Biochemical and genetic analysis of mesd function

med功能的生化和遗传分析

• 批准号: 6921930
• 负责人: BERNADETTE C HOLDENER
• 金额: $ 33.86万
• 依托单位: STATE UNIVERSITY NEW YORK STONY BROOK
• 依托单位国家: 美国
• 财政年份: 1997
• 资助国家: 美国
• 起止时间: 1997-05-01 至 2007-08-31
• 项目状态: 已结题
• 来源: https://reporter.nih.gov/project-details/6921930
• 关键词: SDS polyacrylamide gel electrophoresis; affinity chromatography; biochemistry; biological signal transduction; cell differentiation; developmental genetics; embryology; gene mutation; genetically modified animals; immunocytochemistry; laboratory mouse; low density lipoprotein receptor; mesoderm; phenotype; protein folding; protein localization; protein structure function; tissue /cell culture

DESCRIPTION (provided by applicant): The low-density lipoprotein receptors perform diverse cellular roles ranging from endocytosis and cargo transport to subcellular trafficking and cell signaling. Despite this diversity in function, lipoprotein-related receptors (LRPs) possess an extracellular domain comprised of common repeating clusters of cysteine-rich, complement-like repeats (ligand binding domains), EGF repeats, and YWTD containing domains that form beta-propeller structures. The number and arrangement of these motifs varies amongst receptors. The complex structure and high number of disulfide bonds in LRP family members pose a formidable posttranslational processing challenge to cells. The correct trafficking of LRPs and disposal of improperly folded receptors is assisted by many proteins and enzymes in the secretory pathway. While the majority of these proteins participate in general quality control, cell culture studies provide evidence that the novel MESD protein targets the LRP6 propeller. If MESD is essential for folding and trafficking the propeller domain of related LRPs, mutations in mesd could have wide ranging effects not only on development but also for adult physiology. Consistent with this prediction, embryos lacking mesd fail to form a primitive streak and differentiate mesoderm. Combined, embryology, genetics and biochemistry provide a powerful approach towards understanding the function of this novel protein. In order to begin to address mesd function, we will: (I) Determine how the mesd phenotype relates to LRP signaling by comparison of the mesd deficient and LRP5-/-; LRP6-/- phenotypes and utilize chimera analysis to identify tissues requiring mesd function; (II) Determine if MESD facilitates folding and localization of other LRPs in cell culture; (III) Determine if MESD is essential for LRP folding in vivo by examining genetic dosage interaction with LRP mutations and tissue specific knockout of mesd; and finally, (IV) Identify regions of MESD important for function in ES cell differentiation and transgenic mice. Combined, embryology, genetics and biochemistry provide a powerful approach towards understanding the function of this novel protein.

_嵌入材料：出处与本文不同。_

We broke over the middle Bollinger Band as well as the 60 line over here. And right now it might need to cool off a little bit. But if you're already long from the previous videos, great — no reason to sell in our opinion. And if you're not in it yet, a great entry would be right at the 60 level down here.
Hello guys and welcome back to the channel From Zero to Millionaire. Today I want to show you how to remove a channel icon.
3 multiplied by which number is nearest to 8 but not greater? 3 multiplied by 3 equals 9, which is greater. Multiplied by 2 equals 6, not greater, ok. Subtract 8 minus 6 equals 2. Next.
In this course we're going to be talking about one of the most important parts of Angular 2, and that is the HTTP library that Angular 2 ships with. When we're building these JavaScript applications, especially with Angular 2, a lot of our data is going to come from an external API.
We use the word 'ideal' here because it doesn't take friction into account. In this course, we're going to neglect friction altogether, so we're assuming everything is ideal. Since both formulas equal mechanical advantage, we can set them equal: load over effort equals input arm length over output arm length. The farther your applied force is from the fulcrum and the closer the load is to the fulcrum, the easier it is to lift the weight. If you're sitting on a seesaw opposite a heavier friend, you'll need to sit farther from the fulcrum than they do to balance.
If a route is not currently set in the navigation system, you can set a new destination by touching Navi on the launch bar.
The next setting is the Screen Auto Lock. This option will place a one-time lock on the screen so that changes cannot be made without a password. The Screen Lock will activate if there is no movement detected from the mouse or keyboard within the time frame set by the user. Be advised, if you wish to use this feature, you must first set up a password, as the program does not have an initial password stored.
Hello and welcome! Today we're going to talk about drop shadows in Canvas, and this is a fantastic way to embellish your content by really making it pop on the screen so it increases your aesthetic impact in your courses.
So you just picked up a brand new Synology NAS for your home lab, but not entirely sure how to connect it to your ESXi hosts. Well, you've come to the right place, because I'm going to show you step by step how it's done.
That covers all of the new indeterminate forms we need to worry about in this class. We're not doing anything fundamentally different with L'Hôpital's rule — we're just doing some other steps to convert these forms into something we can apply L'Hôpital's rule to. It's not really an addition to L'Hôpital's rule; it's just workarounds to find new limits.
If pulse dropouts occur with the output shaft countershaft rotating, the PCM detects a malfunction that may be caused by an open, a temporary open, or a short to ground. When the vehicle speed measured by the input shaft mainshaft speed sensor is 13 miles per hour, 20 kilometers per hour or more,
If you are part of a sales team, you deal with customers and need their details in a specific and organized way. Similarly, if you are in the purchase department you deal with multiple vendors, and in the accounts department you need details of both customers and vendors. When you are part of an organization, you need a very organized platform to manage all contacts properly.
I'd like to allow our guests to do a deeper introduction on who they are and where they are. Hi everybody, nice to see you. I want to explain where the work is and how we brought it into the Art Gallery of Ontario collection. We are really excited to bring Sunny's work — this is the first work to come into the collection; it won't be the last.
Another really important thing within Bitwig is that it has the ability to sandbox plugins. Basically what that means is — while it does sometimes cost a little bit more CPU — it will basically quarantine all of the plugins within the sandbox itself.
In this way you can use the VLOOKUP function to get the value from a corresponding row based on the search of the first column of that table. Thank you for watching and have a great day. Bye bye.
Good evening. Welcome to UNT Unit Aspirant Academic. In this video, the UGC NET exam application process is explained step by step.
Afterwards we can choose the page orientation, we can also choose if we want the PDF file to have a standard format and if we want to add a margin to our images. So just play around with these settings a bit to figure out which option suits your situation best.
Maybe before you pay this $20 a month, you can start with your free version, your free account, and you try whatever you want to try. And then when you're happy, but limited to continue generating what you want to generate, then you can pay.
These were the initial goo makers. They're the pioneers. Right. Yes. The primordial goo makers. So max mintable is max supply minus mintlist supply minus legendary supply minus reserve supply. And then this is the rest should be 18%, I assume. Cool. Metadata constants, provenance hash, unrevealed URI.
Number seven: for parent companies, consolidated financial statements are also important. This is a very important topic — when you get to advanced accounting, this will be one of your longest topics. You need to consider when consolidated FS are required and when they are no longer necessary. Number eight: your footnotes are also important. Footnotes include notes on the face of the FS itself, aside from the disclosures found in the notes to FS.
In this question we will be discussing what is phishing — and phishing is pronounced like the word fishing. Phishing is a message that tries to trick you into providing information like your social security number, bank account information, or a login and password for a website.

描述(由申请人提供)：低密度脂蛋白受体发挥不同的细胞作用，从内吞和货物运输到亚细胞运输和细胞信号传递。尽管功能不同，脂蛋白相关受体(LRP)仍具有一个胞外结构域，由富含半胱氨酸、补体样重复序列(配基结合域)、EGF重复序列和YWTD结构域组成，这些结构域形成了β-螺旋桨结构。这些基序的数量和排列因受体而异。LRP家族成员复杂的结构和大量的二硫键给细胞的翻译后加工带来了巨大的挑战。LRPs的正确运输和不正确折叠的受体的处理在分泌途径中的许多蛋白质和酶的帮助下进行。虽然这些蛋白质中的大多数参与一般质量控制，但细胞培养研究提供的证据表明，新型MESD蛋白质以LRP6推进器为靶标。如果MESD对于折叠和运输相关LRP的螺旋体结构域是必不可少的，那么MESD的突变不仅会对发育产生广泛的影响，还会对成年生理产生广泛的影响。与这一预测一致的是，缺乏MESD的胚胎无法形成原始条纹并分化出中胚层。胚胎学、遗传学和生物化学相结合，为理解这种新蛋白质的功能提供了一种强有力的方法。为了开始研究MesD的功能，我们将：(1)通过比较MESD缺陷的LRP5-/-和LRP5-/-确定MESD的表型与LRP信号的关系；(3)通过嵌合体分析确定需要MESD功能的组织；(2)确定MESD是否促进了其他LRP在细胞培养中的折叠和定位；(3)通过检测MESD与LRP突变的遗传剂量的相互作用和组织特异性MESD的敲除，确定MESD是否对体内的LRP折叠是必不可少的；以及(4)确定MESD在ES细胞分化和转基因小鼠中对于功能的重要区域。胚胎学、遗传学和生物化学相结合，为理解这种新蛋白质的功能提供了一种强有力的方法。